Robert D. Van Valin, Jr. - Argument linking in deverbal nominals

Deverbal nominals have linking properties which appear to be similar to those of the source verbs, but there are in fact differences which pose a challenge to theories of the syntax-semantics interface. Examples are given in (1) and (2).


(1)    a.     the arrest of Bill by FBI agents in New York City
         b.     the destruction of the city by the enemy
         c.     the investigation of the murders by Sherlock Holmes

   
(2)    a.    Tepehua (Watters 1988)
                ’iš-puš-ka    kafe    
                3GEN-pick-NMZ        coffee
                ‘the picking of coffee’


         b.     Georgian (Harris 1981)
                 c’erilis         dac’era    cems    mier
                 letter-GEN        writing    me.GEN    by
                 ‘the writing of the letter by me’

         c.    Hebrew (Berman 1978)
                bniyat         ha-báyit    al ydey    ha-soxnut
                building        the-house    by    the-agency
                ‘the building of the house by the agency’      

 
Deverbal nominals inherit the semantic structure of the source verb (Nunes 1993), e.g. [do´ (x, Ø)] CAUSE [BECOME destroyed´ (y)] ? destruction (x, y).
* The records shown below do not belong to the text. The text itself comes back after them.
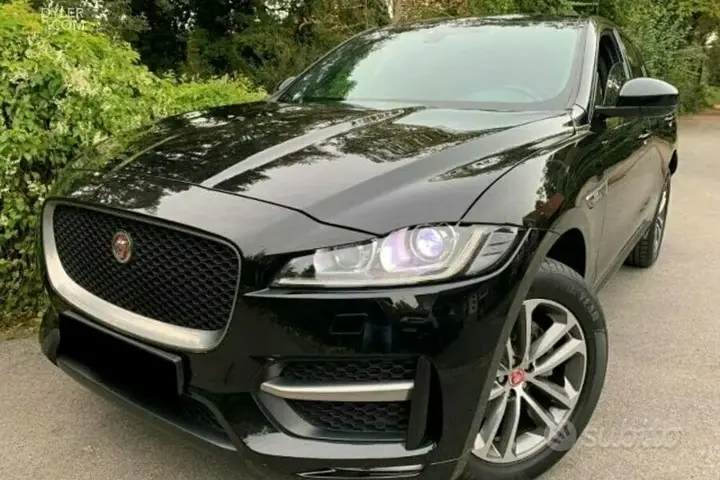 Jaguar F-Pace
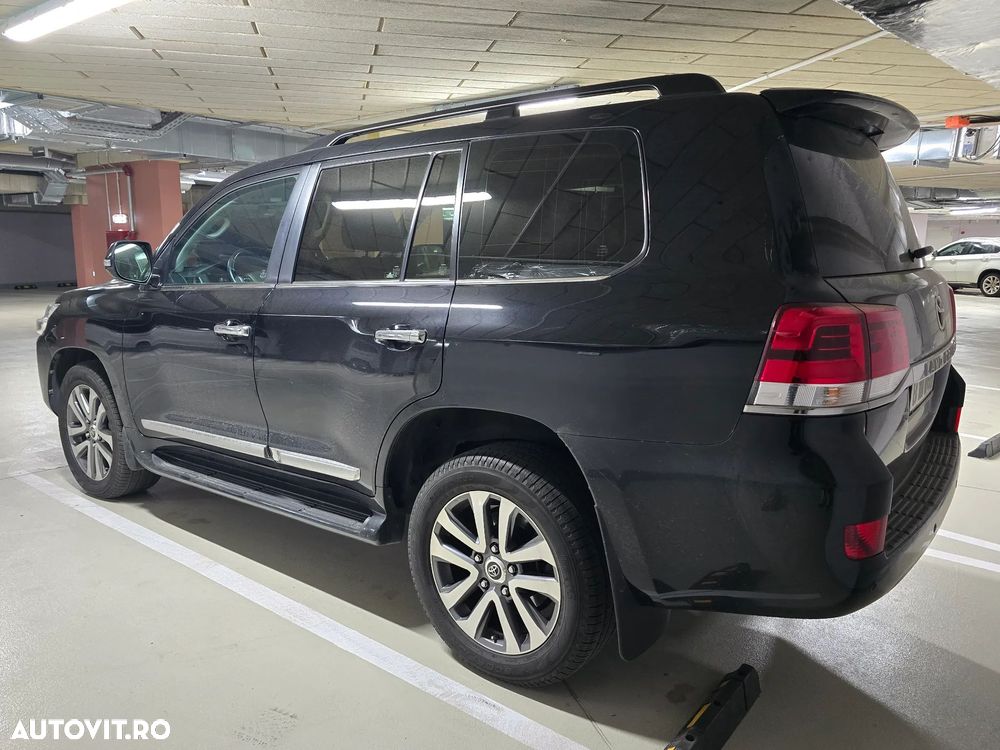 Toyota Land Cruiser 4.5 D-4D V8 Luxury - 3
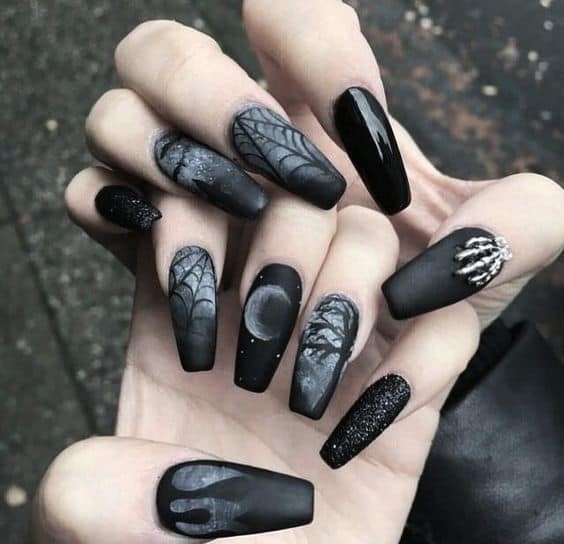 54 idées amusantes et effrayante d'ongles pour la fête d'Halloween 33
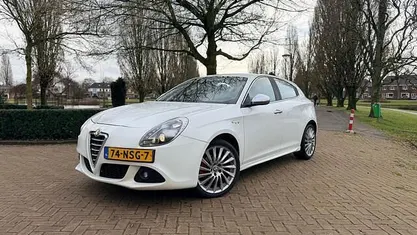 Occasion Alfa Romeo Giulietta Distinctive 170 PK (125 kW) 2010 Hatchback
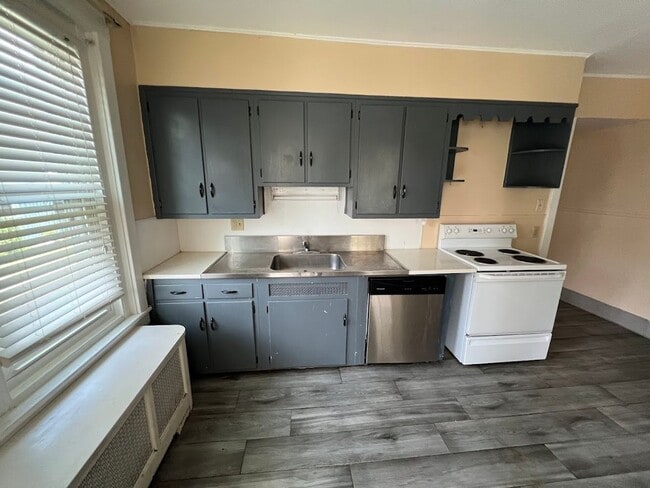 property at 1502 N 14th St
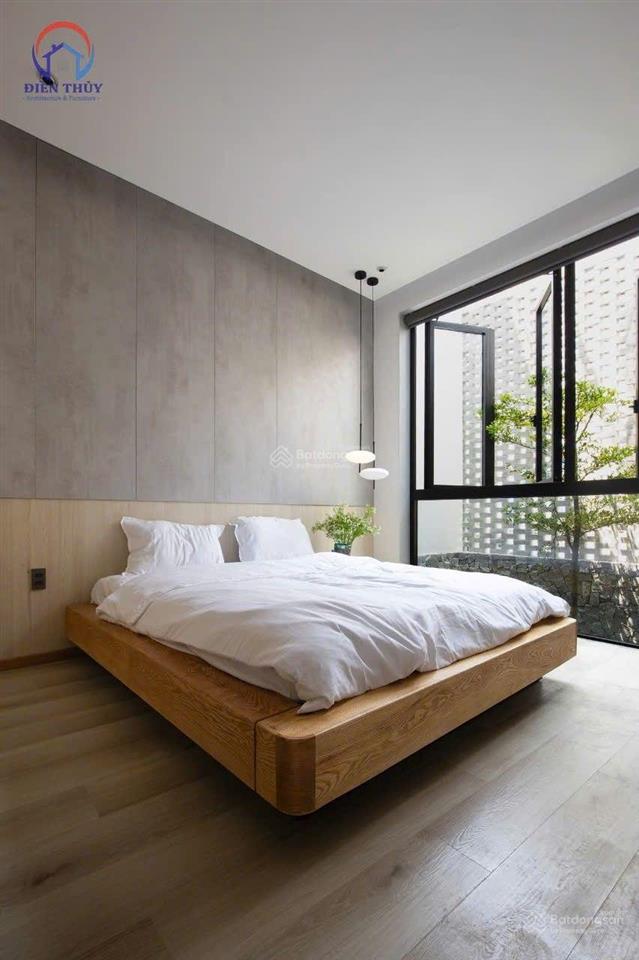 Nhà mới xây full nội thất chỉ cần xách vali vào ở vị trí đẹp cách biển chỉ 700m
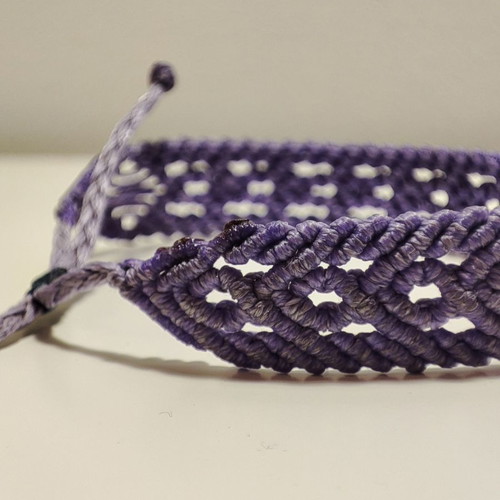 Macrame bracelet new, purple, waxed thread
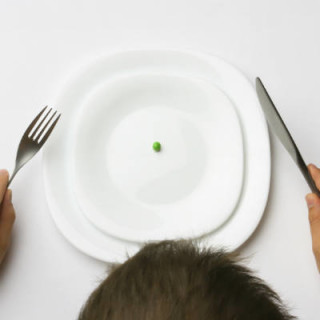 Menos calorias não é sinônimo de dieta saudável  - Foto: Getty Images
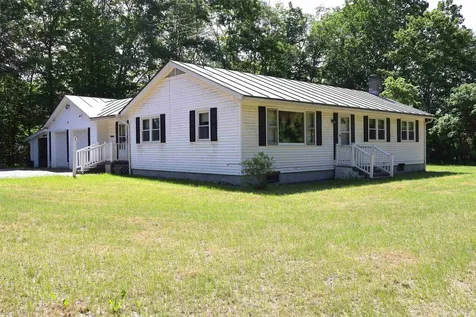 33 Grosbeak Lane Hartford VT 05001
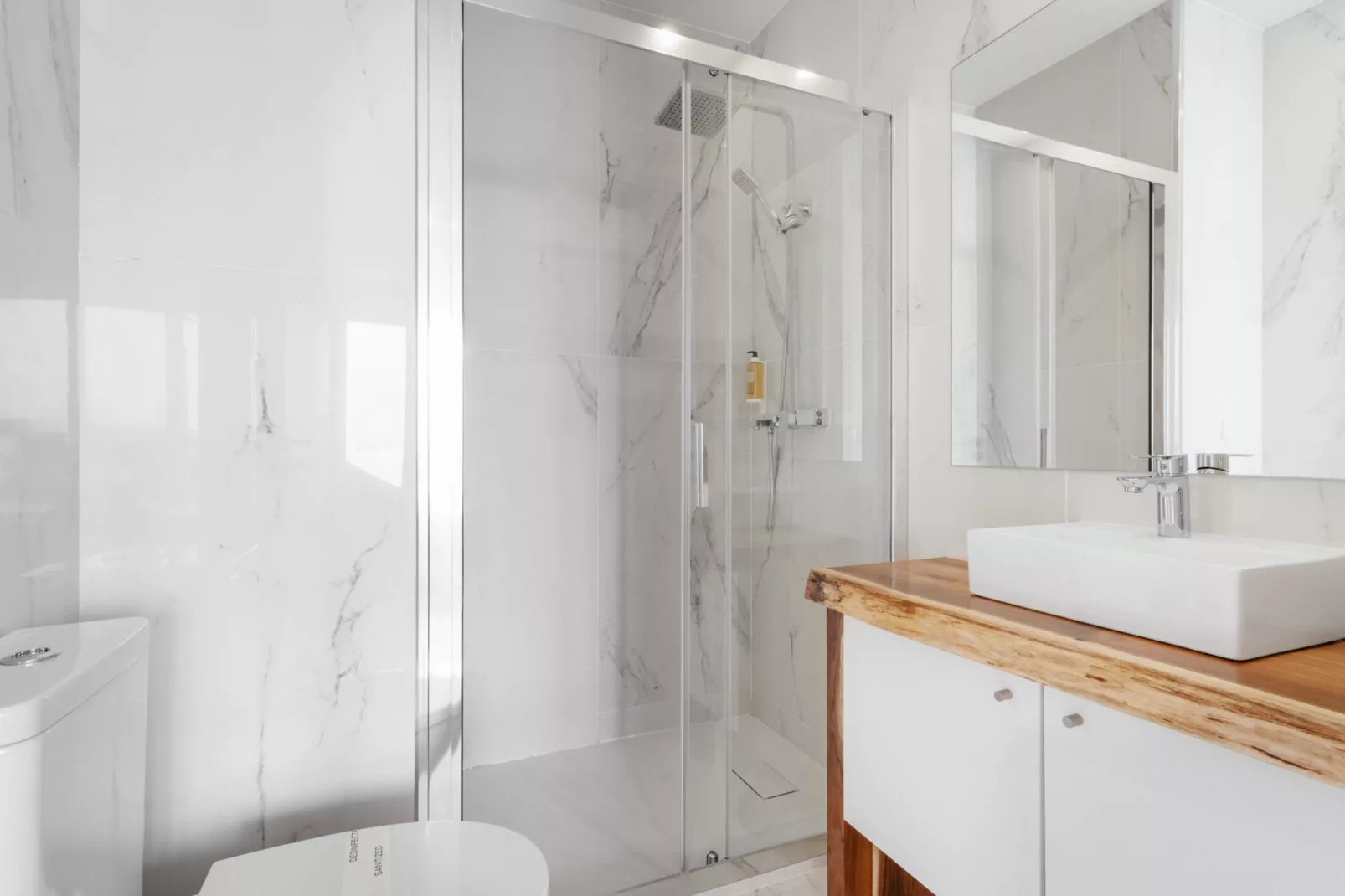 Feel Porto Lapa Collection Flat 2.1-Badkamer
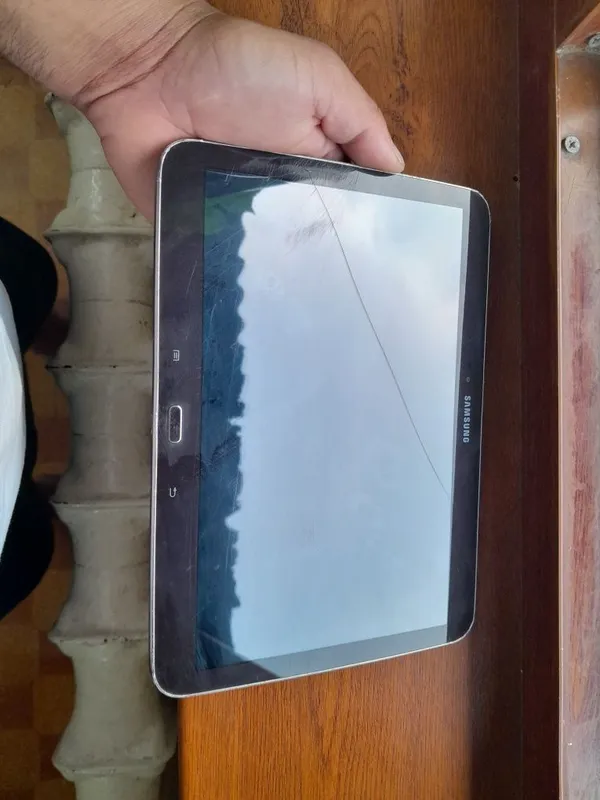 Samsung planshet Планшет GT P-5200 — фото 6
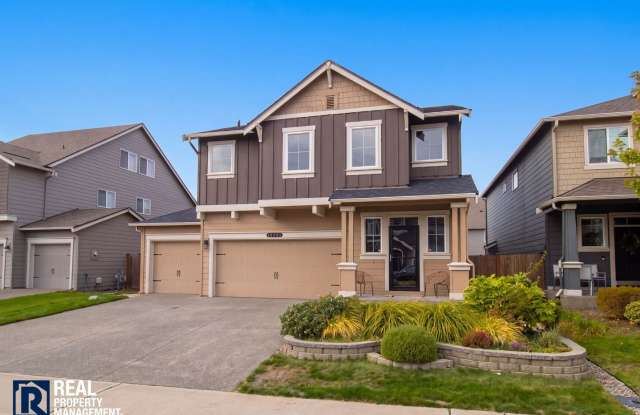 Spacious 5-Bedroom Puyallup Home with Bonus Room & Fully Fenced Yard! Gallery 1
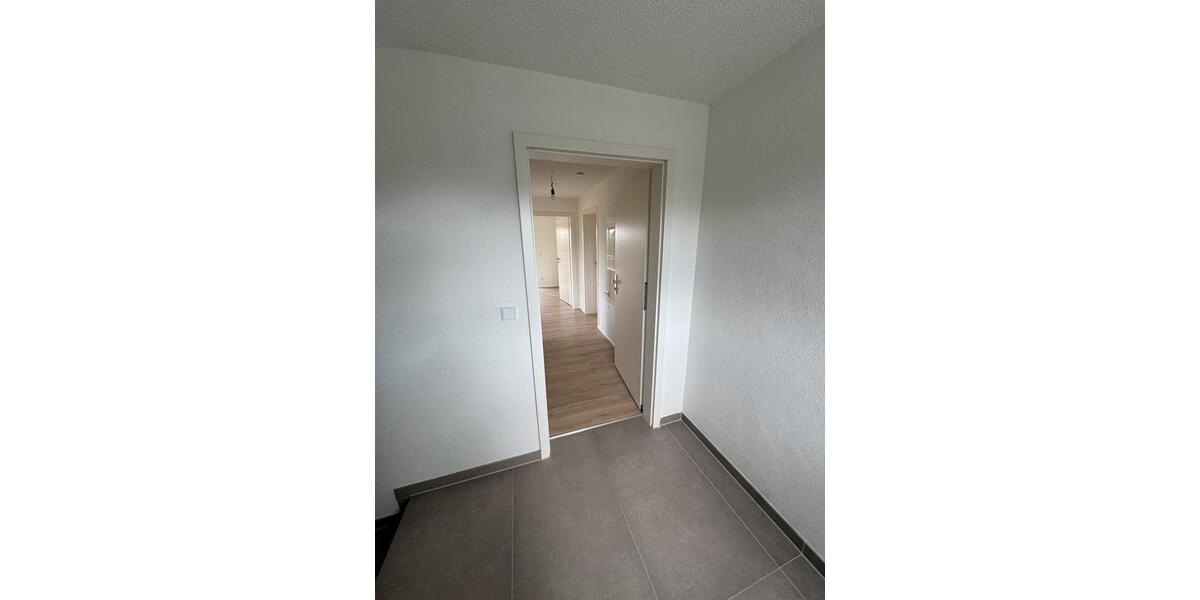 Etagenwohnung Gerzen - 3 Zimmer, 65 m&sup2;, 850&euro; | Angebot:25151882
The linking principles for them are related to the linking principles for verbal arguments, but with variations which follow from the differences between nominals and verbs. While there are action nominals like running and stative verbs like know, nominals are basically static and verbs non-static. Nunes (1993) argues that English deverbal nominals are inherently intransitive; they never take more than one direct coreN argument, which is realized by the of-marked NP in the examples in (1) and the genitive case NPs in (2). Nunes (1993) shows that a deverbal nominal takes an undergoer as its single macrorole if the verb from which it is derived contains a state predicate, otherwise actor. Thus only deverbal nominals from activity verbs will take an actor as their of-marked coreN argument, as in (3) and (4). (The subscripts ‘CL-A’ and ‘CL-U’ stand for ‘clausal actor’ and ‘clausal undergoer’, respectively.)
   (3)    Deverbal nominals from achievement and accomplishment verbs (±causative)


    a.    The balloon popped.                    Achievement
    a´.    the popping of the balloonCL-U
    b.    The cat popped the balloon.       Causative achievement
    b´.    the popping of the balloonCL-U by the catCL-A
    b´´.    *the popping of the catCL-A    [must be interpreted as undergoer]
    c.    Chris died.    Accomplishment
    c´.    the death of ChrisCL-U    
    d.    The enemy destroyed the city.    Causative accomplishment
    d´.    the destruction of the cityCL-U by the enemyCL-A
    d´´.    *the destruction of the enemyCL-A     [must be interpreted as undergoer]
   
   (4)    Deverbal nominals from activity verbs
    a.     The dog barked.
    b.    the barking of the dogCL-A

These differences will be explored for a wider variety of languages, including German, Georgian, and Hebrew, in order to investigate this aspect of the syntax-semantics interface. Central questions will be, do the same constraints on transitivity and macrorole selection occur in other languages? How much language-specific variation is there in the linking principles across languages?